Volume 9, Issue 2
Last week, the #LetThemStay campaign arrived at Melbourne Law School. Staff and students assembled to hold banners depicting the campaign slogan, as members of many other organisations around Australia have done over the past few weeks.
For refugee advocates, popular movements like #LetThemStay are at once heartening and problematic. On the one hand, demonstrations of serious concern from the general public are enormously rewarding; on the other, there is always the fear that concentrating on finite battles — letting 267 asylum seekers stay in Australia — will distract and detract from the broader effort to end offshore processing entirely. Anyone subject to Australia’s mandatory immigration detention is subjected to appalling and unjustified degradation, not just people returning after an arbitrarily granted reprieve.
This is a reasonable concern, and one common to many social justice causes. People can only care so much. Depicting asylum seeker kids running about in Aussie school uniforms may effectively tap into most people’s empathy. It’s another matter to extend that compassion to less obviously sympathetic targets, such as the 929 single men Manus Island is slowly breaking. If a solution to the immediate problem is found, will the doctors, teachers and lecturers who waved banners and tweeted vociferously lose interest? If they do, without anything having really changed, the overall movement may founder.

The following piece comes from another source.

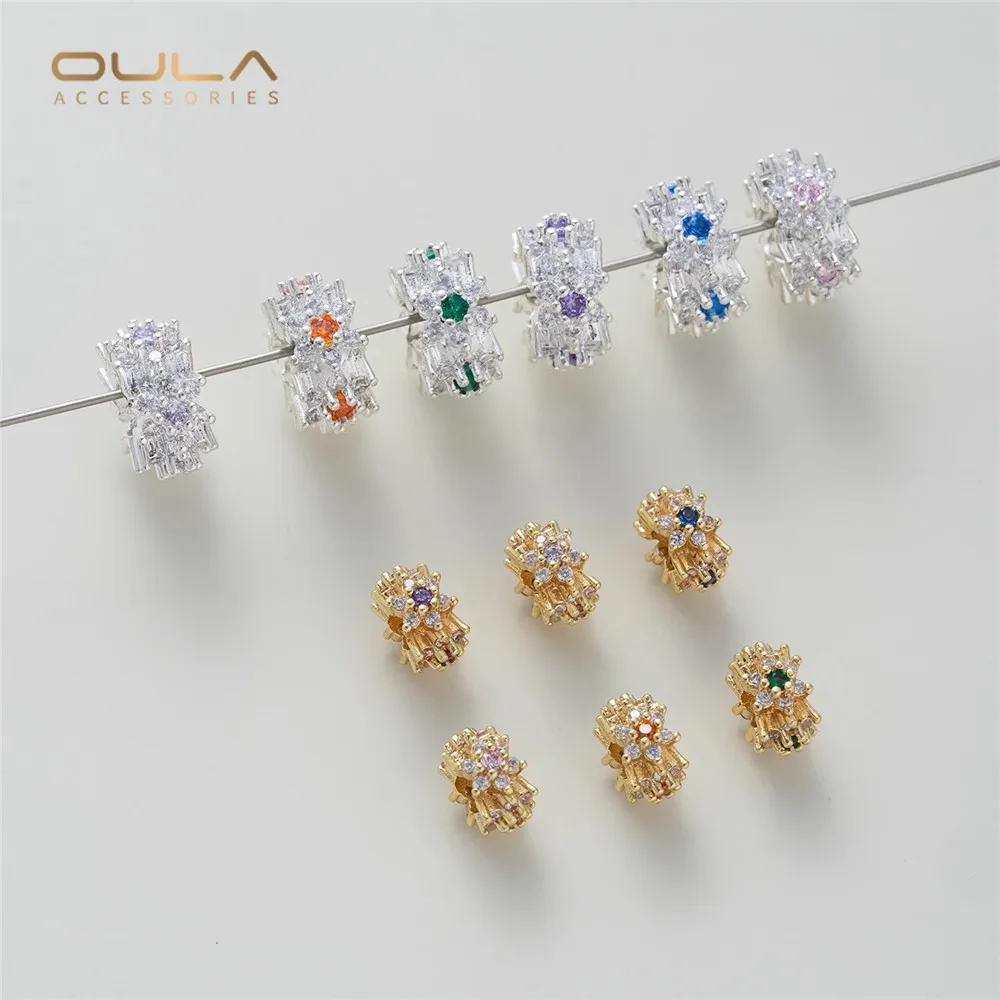 

14K Gold-plated Silver-encrusted Zirconium-set Snowflake Star-studded Large-hole Spacer Beads Diy Bracelet Pearl Jewelry Accesso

However, the counterargument is at least equally compelling: what alternatives are there?
The #LetThemStay campaign arose in response to the High Court’s decision in M68/2015. With this decision, a majority of the High Court affirmed the legality of the offshore processing regime set up via a series of agreements between the Australian government and those of Nauru and Papua New Guinea. Seemingly flying in the face of a key principle we learn at law school, the Court took a distinctly form-over-substance approach, holding — in brief — that the detention was not actually undertaken by the Australian government, and that the arrangements facilitating the detention were valid exercises of the government’s power under section 61 of the Constitution. Not only has the decision confirmed the legal right of the government to transfer those 267 asylum seekers out of Australia, it has severely compromised future legal challenges to offshore processing involving detention.

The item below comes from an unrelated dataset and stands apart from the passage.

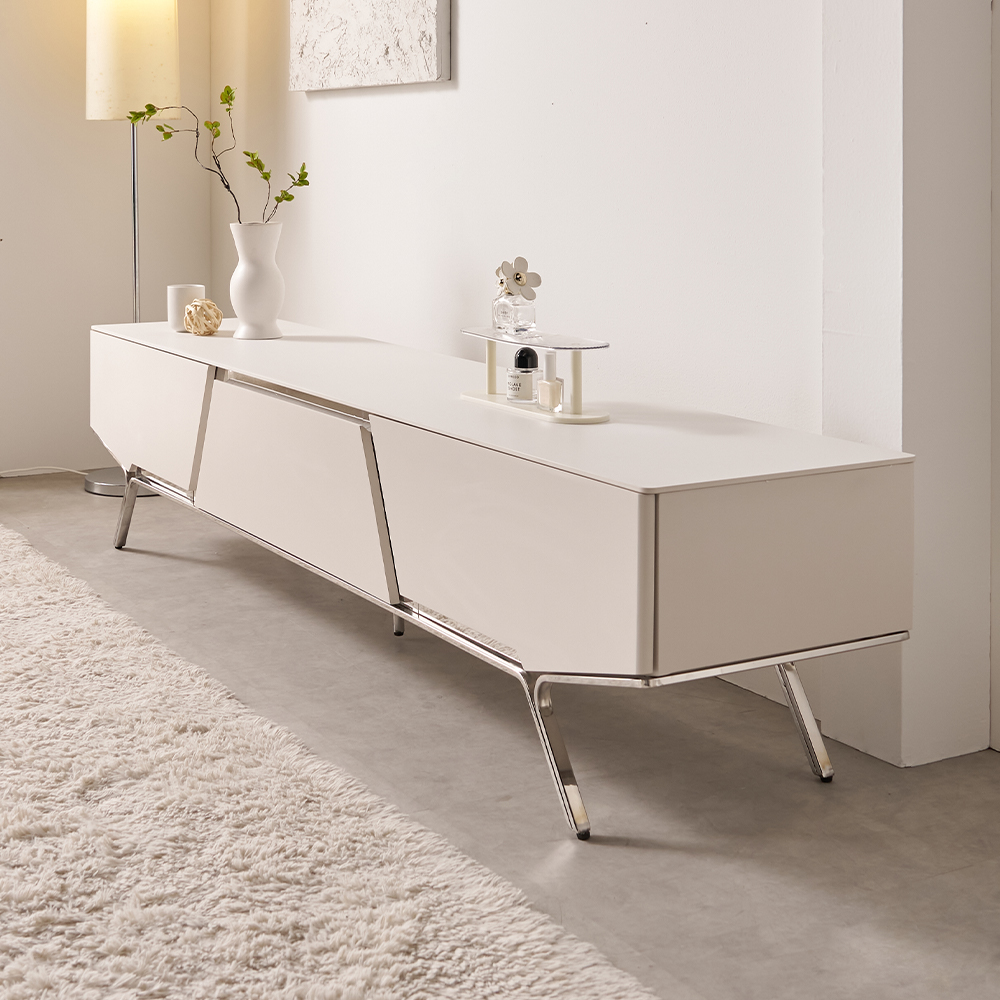 밀크 세라믹 거실장 낮은 85인치 티비다이 TV선반 캄비오 2000mm, 화이트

This was a disappointing decision; conservative at best, cowardly at worst. Assuming that it is nonetheless legally sound (though this has been questioned by MLS’ own experts, among others), the decision illustrates the limitations of relying on the legal process to combat government policies. The power of the courts to interfere in acts of government and Parliament will always be constrained to policing the boundaries of constitutionally valid law. With litigation contingent on judicial interpretation, and the government constantly finding new ways to expand its reach, those boundaries are always uncertain, and so are the prospects of success for those seeking to challenge the actions of elected politicians.
And if those politicians lie to their constituents? If they repeatedly make rules that flout international law, and have terrible consequences for the welfare of thousands of blameless people?
Fear is a powerful political device, used by governments around the world to implement policies of exclusion and intolerance. But in a democracy like Australia’s, run by careerist politicians ever-conscious of the election cycle, it’s a sword that can cut both ways: convince the politicians that their conduct will lose them their votes and their jobs, and ostensibly strongly-held personal convictions will fade quicker than you can say “Newspoll”.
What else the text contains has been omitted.